Notably, those who are exploited for prostitution in Sweden are not criminalized or subjected to administrative penalties; rather, they have a right to social-service support and exit assistance programs. The law is an expression of the political commitment and consensus in Swedish society to prevent and fight prostitution and human trafficking by targeting men’s demand for women, other men, and children for the purpose of sexual exploitation. Those men who purchase or attempt to purchase a sexual service are prosecuted and convicted; it is recognized that the law also has beneficial normative effects on the prostitution behaviour of individual men as well as on public attitudes toward prostitution and sex trafficking in Sweden.

I don’t know what is the right thing to believe, on one hand, I think the licensing of the problem would give the police an ability to check for trafficked women and for health professionals to ensure that the women are safer but I still believe that it is an act of violence against women (as does the Swedish government).

The impact of the Swedish law has been unexpected.

In light of these debates, the Swedish government decided in 2008 to appoint a special inquiry charged with evaluating the practical implementation of the law that prohibits the purchase of sexual services and its effects on the existence of prostitution and sex trafficking in Sweden. The 2010 report concludes that the number of persons, mainly women, exploited in street prostitution in Sweden has been halved since 1999, while in the neighbouring countries of Denmark and Norway the number is three times higher.

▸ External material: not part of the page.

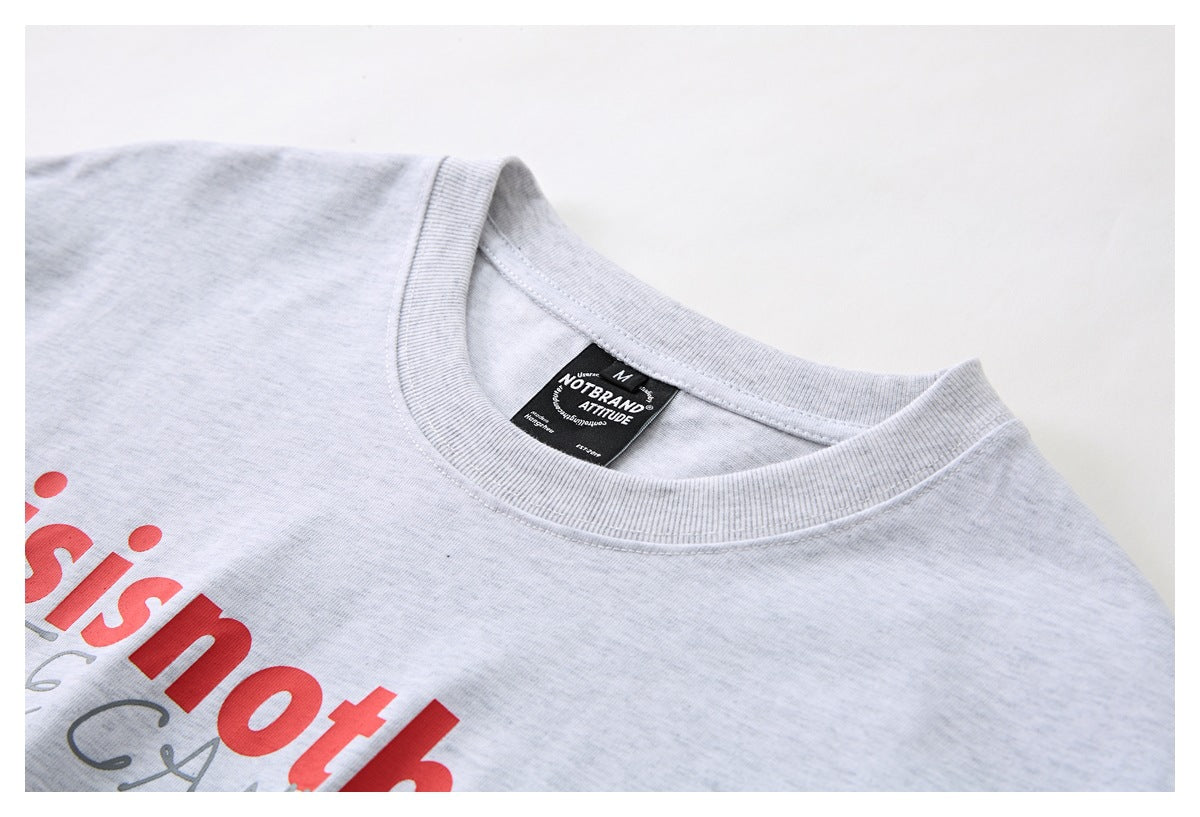 Close-up of a light gray T-shirt collar and neck label, with part of the red chest print visible.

Many of the law’s critics have claimed that prostitution activities would “go underground” or be moved into other arenas as a result of enforcement. But the special inquiry report does not find this to be the case. In particular, there is no evidence of an increase in indoor prostitution. Prostitution through the Internet, however, has increased in Sweden, as it has in other countries, but this increase is not due to the law—it is rather a consequence more generally of improved online technology. And just as with outdoor prostitution, the number of individuals sold for prostitution purposes via the Internet is much larger in Denmark and Norway.

Most notably, despite a significant increase in prostitution in neighbouring countries during the past ten years, the special inquiry report finds no evidence of a similar increase in Sweden. The report concludes that this is due to criminalizing the purchase of a sexual service in Sweden. Another significant finding, consistent with the annual reports of the national rapporteur on trafficking in human beings, is that this prohibition has deterred organized-crime networks involved in human trafficking for the purpose of prostitution from operating in Sweden.

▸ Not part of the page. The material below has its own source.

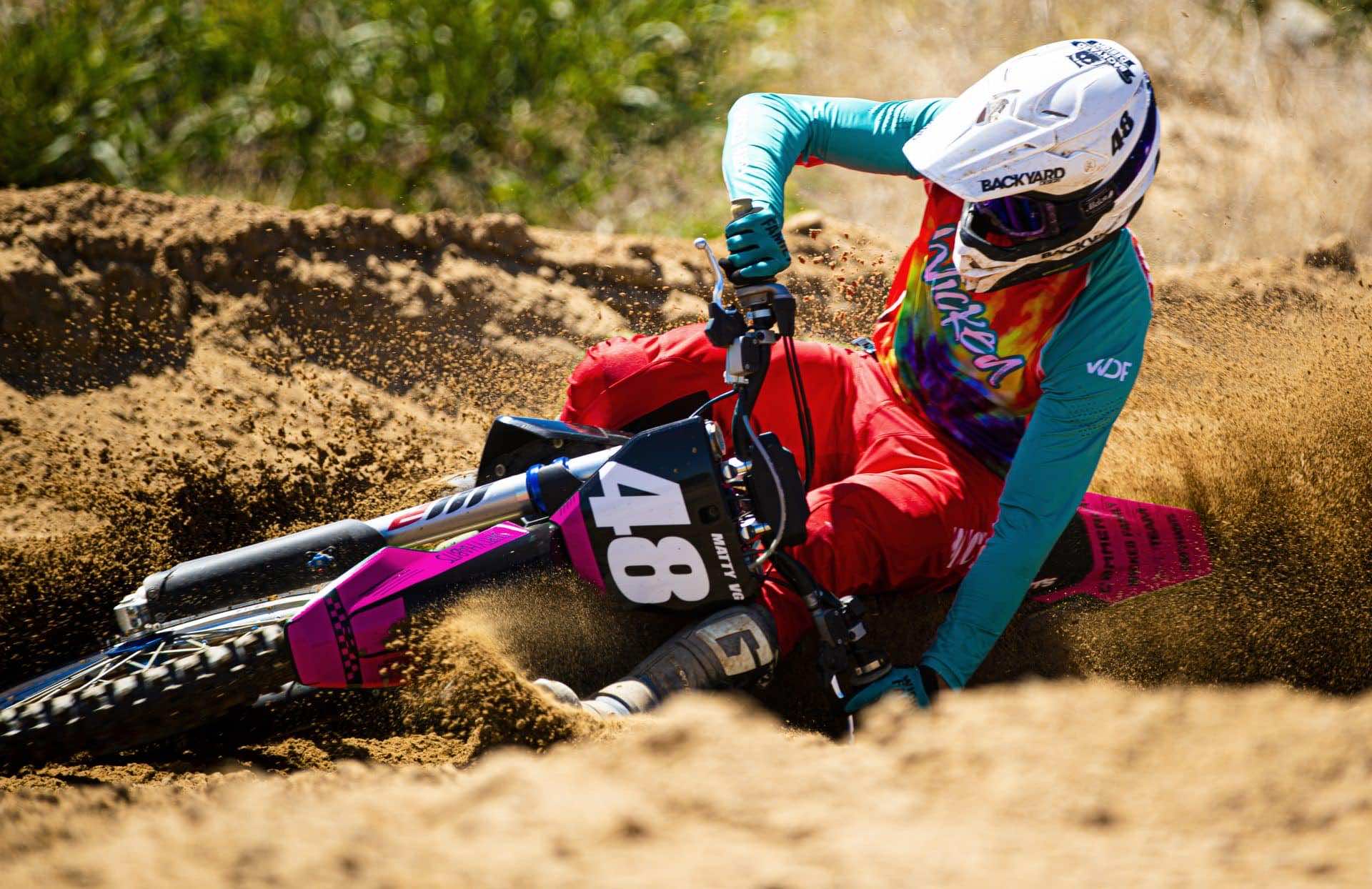 MX rider in a sand curve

The special inquiry report also discusses the normative effects of the law, pointing out that it enjoys strong public support (71 percent in favour) and that its implementation has led to significant positive changes in attitudes.

I know Sweden is a much different culture than Canada but I am surprised by these results.  The one thing that I doubt is that street prostitution would diminish if prostitution was criminalized here.  I wonder how much of the decline was because of the criminalization and how much of the decline was due to the national conversation and education campaigns the government launched.